In the fiber-reinforced resin molded product of the present invention, the ultrahigh molecular weight polyethylene fibers forming the fiber-reinforced layer 3 substantially have the oriented crystal structure. This reinforcing layer 3 is embedded or laminated over the entire surface of the molded body 1, and is a filament of molecular orientation and silane-crosslinked ultra high molecular weight polyethylene oriented in at least one axial direction of the molded body 1, or a nonwoven fabric or woven fabric made of this filament. Consists of a composition or composition.

The proportion of the fiber-reinforced layer and the thermosetting polymer matrix varies considerably depending on the application, thickness, etc., but generally speaking, the fiber-reinforced layer accounts for 20 to 80% by volume, especially 40% by volume.
It is desirable to be present in such a proportion that it occupies 70% by volume.

When the volume ratio of the fiber reinforced layer is less than the above range, tensile strength, bending strength, elastic modulus, impact resistance, creep resistance, etc. are not sufficiently improved by fiber reinforcement, and the volume ratio exceeds the above range. If the number increases, it tends to be difficult to form an integrated fiber-reinforced resin molded product.
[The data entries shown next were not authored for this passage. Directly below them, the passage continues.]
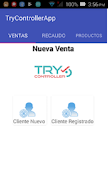 TryController Productos syot layar 1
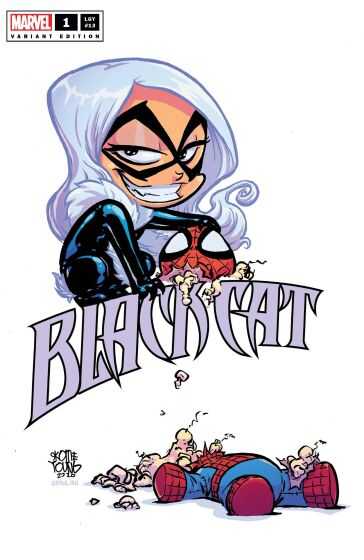 DC Comics - BLACK CAT (2020) # 1 YOUNG VARIANT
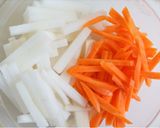 お弁当に◎大根とにんじんの味噌きんぴら作り方2写真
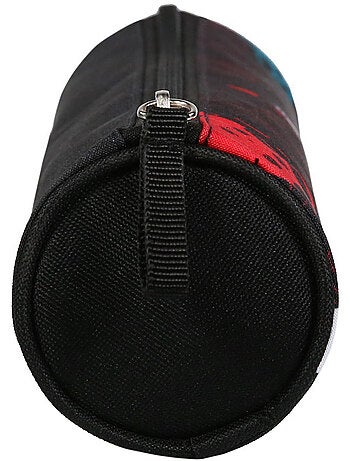 BAGTROTTER Trousse scolaire ronde Nasa Rouge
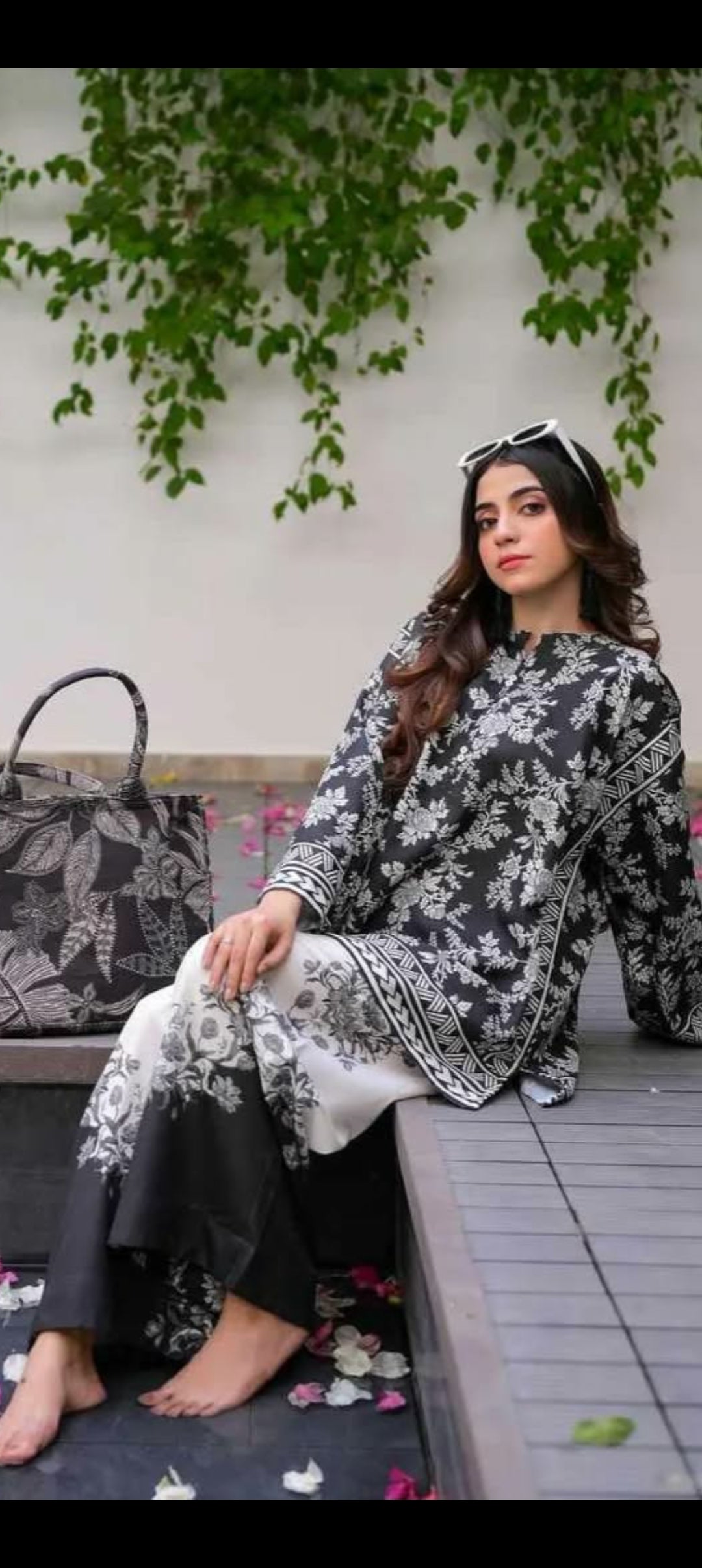 Premium Quality 2-Piece Stitched Dress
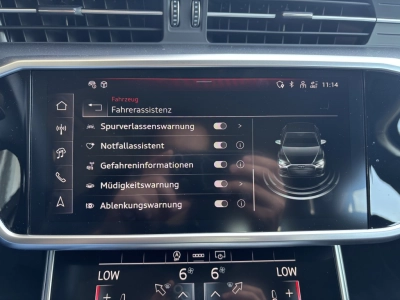 Audi A6 45TFSI S-LINE Navi LED aus 1. Hd. 19 Zoll DAB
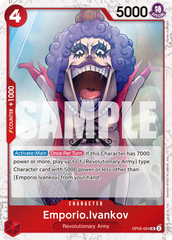 Emporio.Ivankov - One Piece Card Game - MoxLand
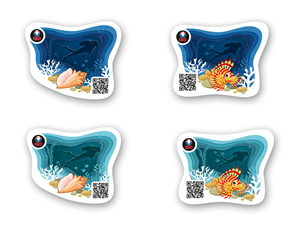 Diseño de Sticker por Oleg Androsov para este proyecto | Diseño: #30037188
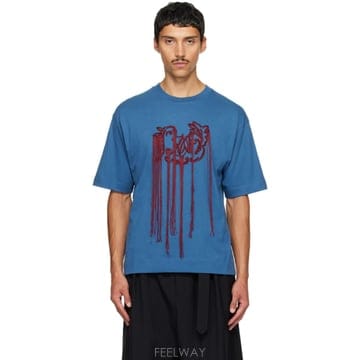 Dries Van Noten �帮���ݳ�ư ���� �ڼ� Ƽ���� 262 021110 4603 TP876360858�帮���ݳ�ư ���� �ڼ� Ƽ���� 262 021110 4603 TP876360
Reinforcing Layer The molecular orientation and silane-crosslinked ultrahigh molecular weight polyethylene fiber used in the present invention are thermoforming a composition containing an ultrahigh molecular weight polyethylene having an intrinsic viscosity [η] of 5 dl / g or more, a silane compound, a radical initiator and a diluent. Then, the silane compound-grafted ultra-high molecular weight polyethylene molded product is stretched, and a silanol condensation catalyst is impregnated into the stretched molded product of the molded product during or after stretching, and then the stretched molded product is contacted with water. It is manufactured by cross-linking.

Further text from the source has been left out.